--- Information shown ---

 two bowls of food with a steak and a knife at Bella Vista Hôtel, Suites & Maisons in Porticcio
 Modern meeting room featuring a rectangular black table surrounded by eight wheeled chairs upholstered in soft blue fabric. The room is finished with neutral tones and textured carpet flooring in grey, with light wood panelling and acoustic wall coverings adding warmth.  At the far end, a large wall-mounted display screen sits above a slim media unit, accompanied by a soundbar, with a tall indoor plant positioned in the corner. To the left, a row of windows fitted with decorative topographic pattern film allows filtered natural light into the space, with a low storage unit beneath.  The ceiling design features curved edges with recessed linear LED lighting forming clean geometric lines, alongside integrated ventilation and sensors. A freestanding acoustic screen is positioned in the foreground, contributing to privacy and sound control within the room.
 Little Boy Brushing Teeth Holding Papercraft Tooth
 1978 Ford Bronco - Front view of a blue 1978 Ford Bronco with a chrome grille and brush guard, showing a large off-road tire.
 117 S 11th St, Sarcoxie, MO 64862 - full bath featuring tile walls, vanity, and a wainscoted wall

---

■ **Required work**:
Word for word, write out all of the data above.

■ **Response to the task**:
 two bowls of food with a steak and a knife at Bella Vista Hôtel, Suites & Maisons in Porticcio
 Modern meeting room featuring a rectangular black table surrounded by eight wheeled chairs upholstered in soft blue fabric. The room is finished with neutral tones and textured carpet flooring in grey, with light wood panelling and acoustic wall coverings adding warmth.  At the far end, a large wall-mounted display screen sits above a slim media unit, accompanied by a soundbar, with a tall indoor plant positioned in the corner. To the left, a row of windows fitted with decorative topographic pattern film allows filtered natural light into the space, with a low storage unit beneath.  The ceiling design features curved edges with recessed linear LED lighting forming clean geometric lines, alongside integrated ventilation and sensors. A freestanding acoustic screen is positioned in the foreground, contributing to privacy and sound control within the room.
 Little Boy Brushing Teeth Holding Papercraft Tooth
 1978 Ford Bronco - Front view of a blue 1978 Ford Bronco with a chrome grille and brush guard, showing a large off-road tire.
 117 S 11th St, Sarcoxie, MO 64862 - full bath featuring tile walls, vanity, and a wainscoted wall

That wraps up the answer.